Happy weekend everyone!  I am so excited to share this post with you.  I created these front porch welcome posts to sell in my booth at a local furniture show and they were a hit!  So…I wanted to share the build process with you.

Here is how I planned everything out… I have terrible handwriting, I know.  Also, ignore the pricing on these, I was trying to determine my cost for each (before paint and hardware) if I made 6.  I ended up having less than $15 total in each one and I sold them for $50 each!

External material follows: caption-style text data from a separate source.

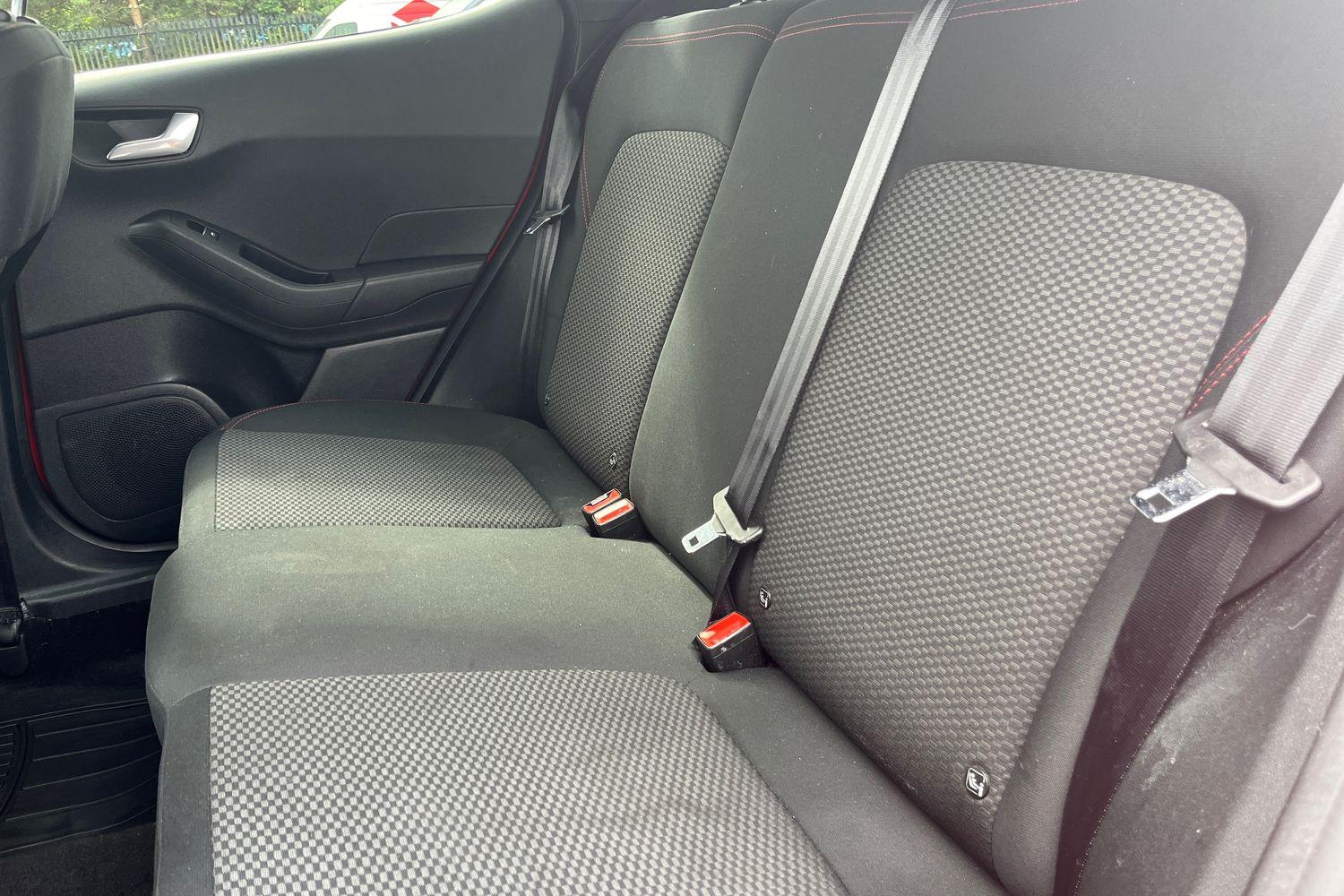 Ford FIESTA Photo 19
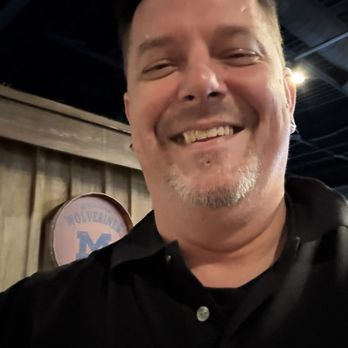 Big Bear Bar & Grill - This is John, our Server, he went above and beyond, kept us laughing! So efficient! - Bars Near Me - Ellijay, Georgia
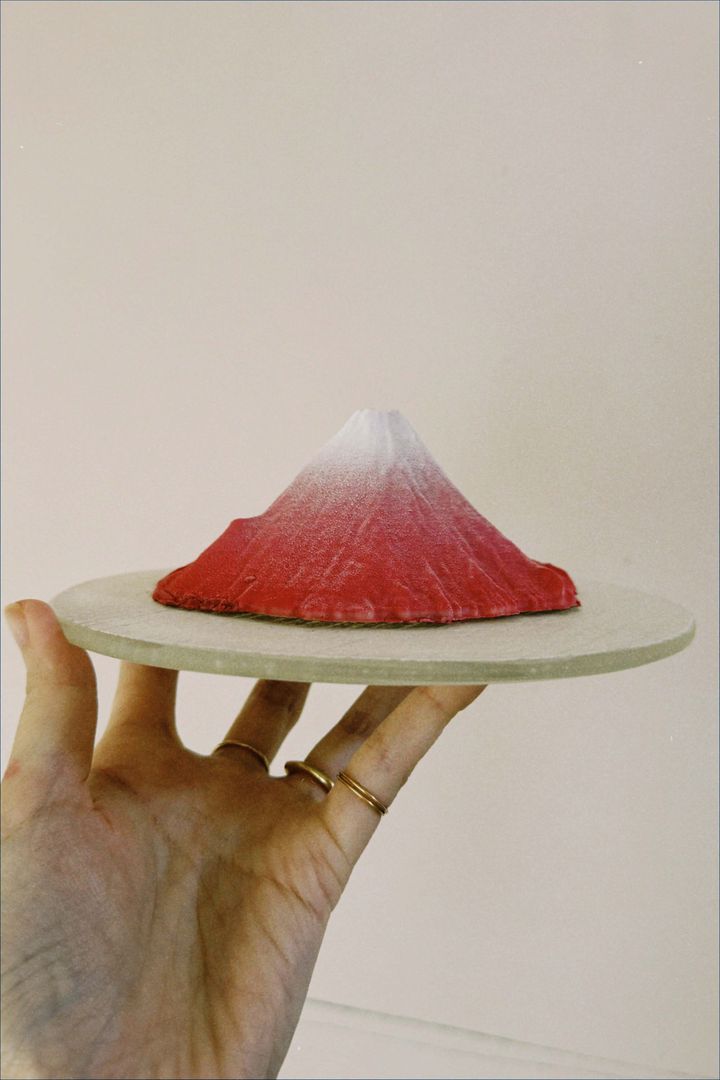 お土産はこれで決まり！おしゃれでかわいいインパクト大、富士山をかたどった山菓子【ささやかですてきなもの 大谷有紀 vol.204】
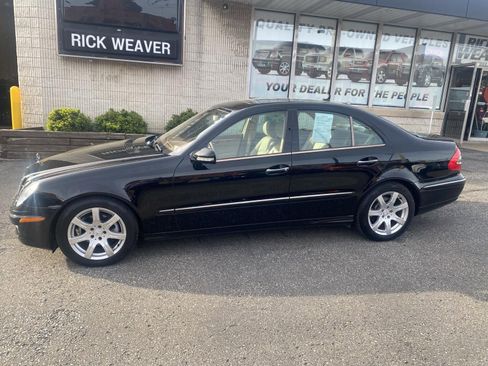 Used 2007 Mercedes-Benz E 350 Sedan image 4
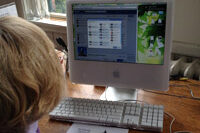 lady-on-computer lady-on-computer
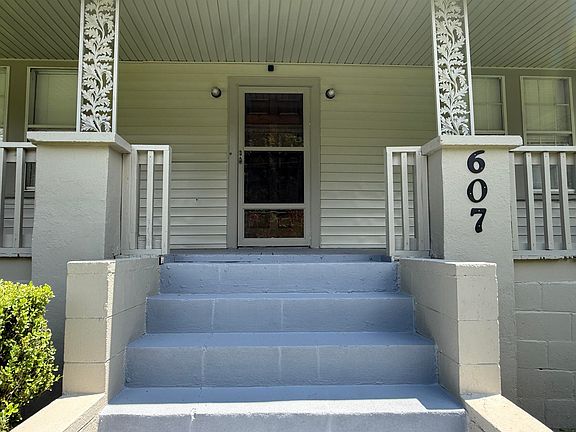 2nd image of 607 N Adams St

**With the boards below, you could buy one of each and have enough materials to make at least 2 of these. If you purchase multiple 4″ x 4″s, you can make more.

Materials List

Quantity
Board Size
Notes
1
1″ x 8″
Cut at 7.5″
2
2″ x 6″
Cut at 5.5″
1
4″ x 4″
Cut at 36″ make sure it’s not pressure treated.  I had to go to 84 Lumber to get these.
1
2″ x 4″
Cut at 3.5″
1
1.5″ x 1.5″
Square wooden block (Hobby Lobby)
1
finial
Comes in package of 2 at Lowes
1
knob
I got mine at Hobby Lobby

Tools Needed:

  • Wood glue
  • Wood Screws (2″ and 2.5″)
  • Drill
  • Countersink bit
  • Saw
  • Measuring Tape
  • Pencil
  • Primer
  • Paint
Once you’ve made your cuts, you’ll be ready to start.  The lumber sizes are easy to find at any big box store… except the 4x4s that were not pressure treated.  As I said in the comments above, I purchased the 4″ x 4″s from 84 Lumber.  I called Lowes and Home Depot and all the ones they had were pressure treated.  84 Lumber is fairly close to my house and they had the untreated wood. They even loaded them in my truck for me and were absolutely fabulous to work with… AND they were cheaper, so I will definitely be going back again.
My helper below was inspecting every piece of wood I pulled out of the truck.  I love her!
The 4x4s were 8 feet long, so I was able to get two of the 36″ cuts out of each one and was left with a short scrap. I used my 10″ miter saw to make all of my cuts.  Cutting a 4×4 is pushing it with a 10″ saw, a few of my cuts didn’t go all the way through, so I had to flip them and cut the last bit then sand it down to make sure everything was even.  A larger saw would have been ideal, but it can be done with a 10″.  Just be sure to take all safety precautions and go slow.
Alright, let’s get building!

Step 1:  Build the Post

The order that you put this front porch post together matters.  You’ll want to first take your 4″ x 4″ post and attach the two 2″ x 6″ cuts (be sure to center the 4×4) using the 2.5 inch screws.  One 2″ x 6″at the top and one at the bottom.
I used my square and marked the center 4 inches as a guideline.  That way I could make sure the 4×4 was lined up.
I used my countersink bit and created 2 pilot holes that were diagonal to each other.  You have to use two screws on each piece.  Do you know why?  Your pieces will spin or shift if you don’t use two.  I also used a bit of wood glue on each for extra hold.  Here it is with one of the pilot holes drilled and the X is where my second went.  By countersinking the screws, you don’t have to worry about the screw heads sticking up and making a gap between your pieces.  I do not recommend using wood glue only.  It’s simply not strong enough for these heavy pieces of wood.

Step 2:  Attach the Base

Since both ends of your front porch post are the same, you can pick either to work with.  Secure the 1″ x 8″ base one of the ends.  Once again, I marked the center width to make sure everything lined up.
This will now be your base of the front porch post.  Create a countersunk pilot hole and attach with 2 of the 2″ wood screws.  Now, flip the post over so that the base is now on the ground.  You’ll be working on the top section next.

Step 3: 2″ x 4″

Attach the 2″ x 4″ to the center of the top 2″ x 6″ with two diagonal, countersunk 2.5″ wood screws.

Step 4:  Adding the Block

To attach the wooden block, I once again countersunk 2 diagonal screws.  I had to place them fairly close together so that when the finial was placed on top, the base of the finial would still hide the screw holes.  Be sure to leave space directly in the center of the wooden block so that you can attach your finial.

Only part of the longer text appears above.